2 of 2 people found the following review helpful
J P Ryan
- Published on Amazon.com
Format: Audio CD
An interesting collection for fans, "Funky As I Can Be" is by no means the best Lee Dorsey album on the market for the unitiated. Crescent City legends Dorsey and long-time collaborator Allen Toussaint's "Yes We Can" (1970) remains one of the most remarkable funk/soul albums to emerge from New Orleans, or anywhere, during the 1970s. The most satisfying edition available at present is the recent Japanese 'cardboard sleeve' edition (reproducing the original album cover in miniature), both in terms of sonics - the mastering is warm, detailed, and alive - and content, offering the original 12-song Polydor label classic as well as nine excellent bonus tracks, including a nice pair of rarities cut during Lee's brief (1963) stint with the Smash label. The remaining bonus cuts include four post-"Yes We Can" singles released by Polydor during 1971 - 73, at which point the singer was dropped by the label's roster, as neither "Yes We Can" nor the subsequent singles - which have attained the status of classics themselves - achieved national hit status. Of course many of the Polydor-era songs have gained in stature thanks to subsequent cover versions that prove their enduring quality: the title track was a breakout smash for the Pointer Sisters, "Occapella" was included on Ringo Starr's "Goodnight Vienna". Robert Palmer clearly was impressed, recording "Sneakin' Sally Thru The Alley" and other Dorsey/Toussaint gems, and "On Your Way Down" was recorded by Lowell George and Little Feat (in a version that ranks with the original); "Freedom For The Stallion" has been covered by numerous artits, including Toussaint himself. All of these, along with lesser known cuts like "When The Bill's Paid" and the single "If She Won't" are as eccentric, and brilliantly conceived, as Toussaint and Dorsey's best. The Japanese set also contains three Polydor-era outtakes, each of which captures Lee's heart and warmth, especially a remarkable take on his hero Ray Charles' "Lonely Avenue".

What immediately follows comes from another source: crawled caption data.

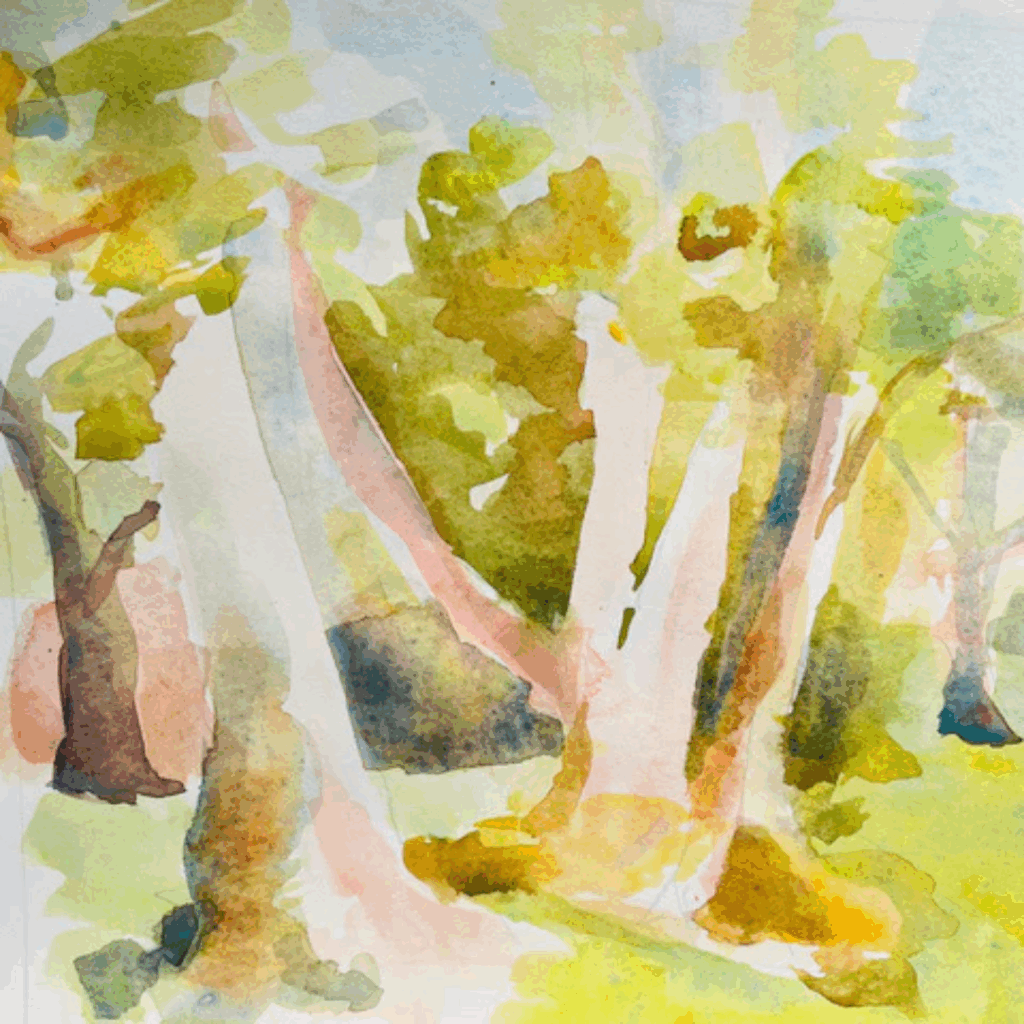 Watercolor painting of tall trees with green and yellow foliage in a sunlit forest scene.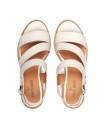 SANDALIAS DE TACÓN BAJO CON HEBILLA PARA MUJER PIKOLINOS BLANES W3H-1635 BEIGE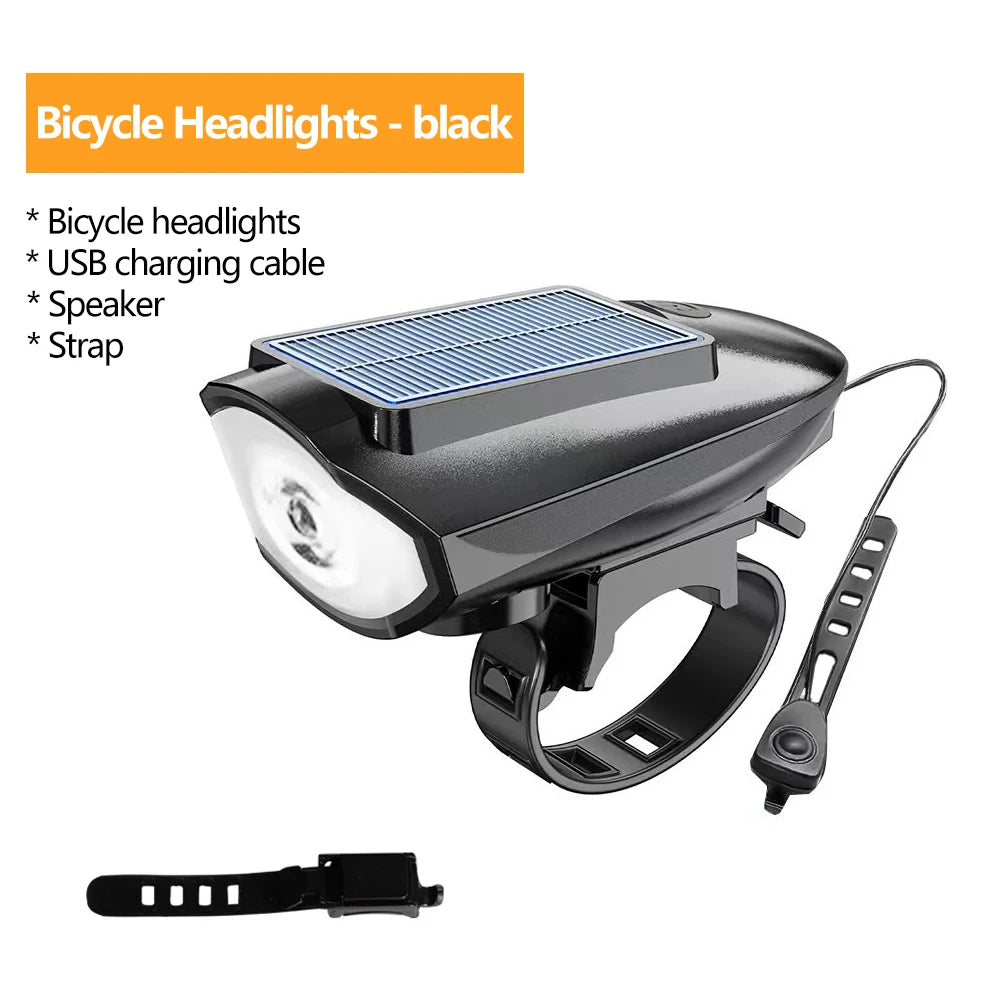 Solar Bike Light with Horn – LED Headlamp & Bell for Bikes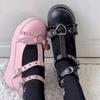 Sweet Heart Klamra Kliny Mary Janes Kobiety Różowy T-Strap Chunky Platforma Lolita Buty Kobieta Punk Gothic Cosplay Buty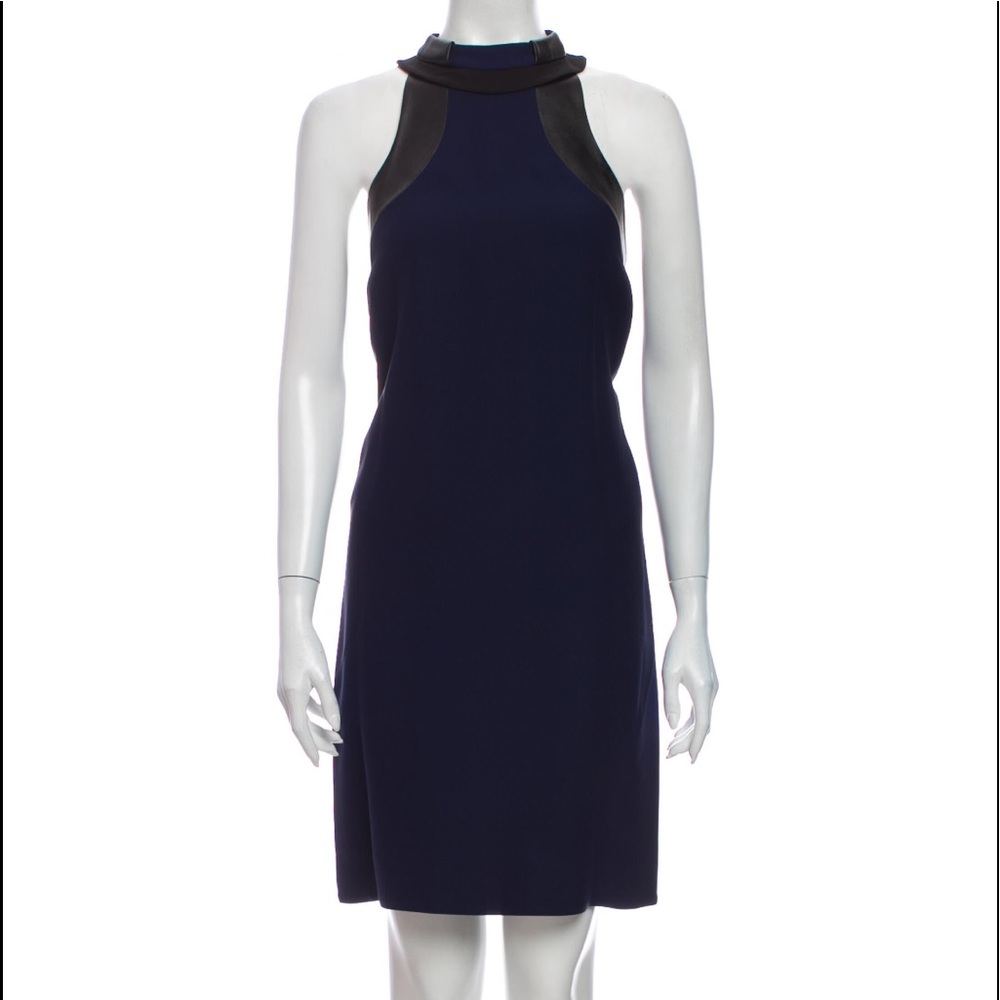 Gucci Silk Sleeveless Dress Navy Blue with Black Trim Size 6 IT42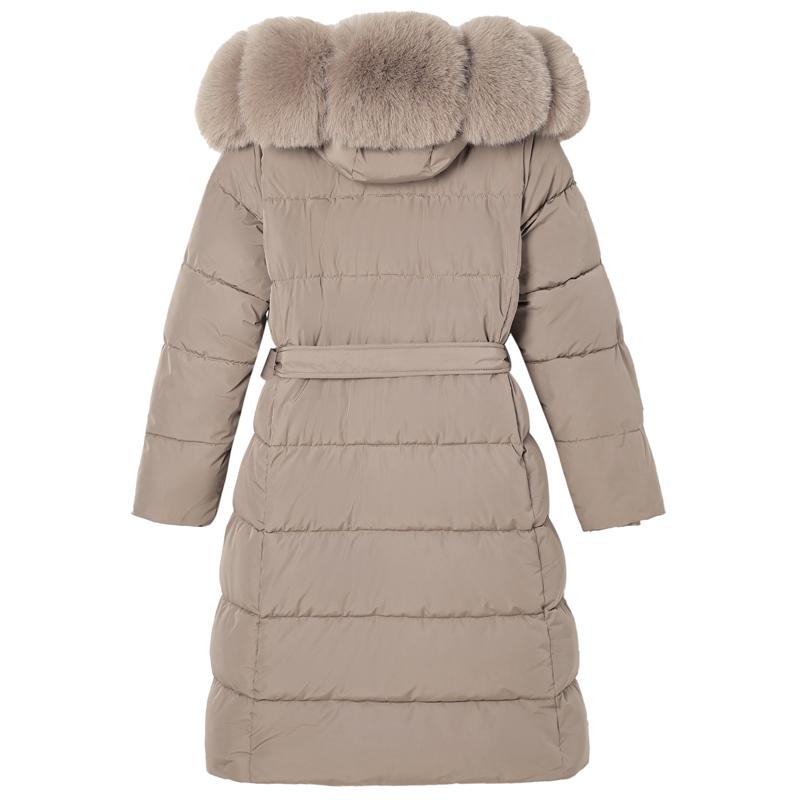 Dam Vinter Långa Kappor Med Huva Stor Fuskpäls Krage Elegant Tjock Varm Vinterparkas Kvinnlig Jacka Med Bälte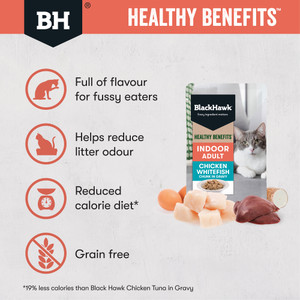 Black Hawk Healthy Benefits Indoor Chicken & Whitefish in Gravy Wet Cat Food Pouches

Back in 2000 Sundazed reissued beautifully remastered and expanded editions of Lee's two albums recorded for the Amy label, where he scored many of his biggest hits ('Working In The Coal Mine', 'Holy Cow', 'Ride Your Pony', etc), again with Toussaint during the 1965 - 70 period. The Sundazed packages - "Ride Your Pony" and "The New Lee Dorsey" - together collect 47 mostly great tracks, and are highly recommended, though sadly they have recently gone out of print. Lee's earlier tenure at Fury (1961 - 62) produced two national hits, the surreal 'Ya Ya' and Earl King's 'Do Re Me' (both included on this set) as well as an album's worth of other tracks. As for Dorsey's earliest sides, "Rock" and "Lonely Evenings" (1957) can be found on an Ace (UK) CD along with early sides by Joe Tex and others; the title at this moment eludes me. So what about the compilation ostensibly under discussion? "Funky..." is a fascinating collection, albeit a very mixed bag. I was thrilled to find that half of its tracks were new to me, and I'm definitely a fan. Two rarities from the Polydor era are included, the striking "My Babe" (Little Walter's classic) and the recently unearthed Chuck Willis ballad "What Am I Living For", both in passable sound, obviously not taken from original sources. Three more early '60s tracks - liner note contributor Bill Dahl doesn't specify whether these were recorded for Fury (1961-62), Smash ('63) or Constellation ('63 - 64), but the mixes and overall sound reproduction is disappointing, despite the intrinsic quality of "Nee Na Nay" and Toussaint's "Lonelyology" especially. Finally, the set closes with three live versions of Dorsey classics, evidently recorded at the New Orleans Jazz & Heritage festival in 1980. It's certainly nice to have these tracks, revealing as they do Dorsey's utterly unassuming warmth, his bemused, wry sensibility, and his obvious pleasure in performing. Dorsey died of emphysema in 1986; these may be among his last recorded performances. The rest of this set is a smattering of hits from various sources, some available in better sound and with surperior presentation elsewhere. I'm grateful to get the rare stuff - but I hope the long awaited (by me) "deluxe edition" of "Yes We Can" will be released in the States, with all relevent Ploydor (and Smash) tracks in vastly superior sound. Dorsey deserves the 'deluxe' treatment. As for this interesting compilation - completists take note. And caveat emptor.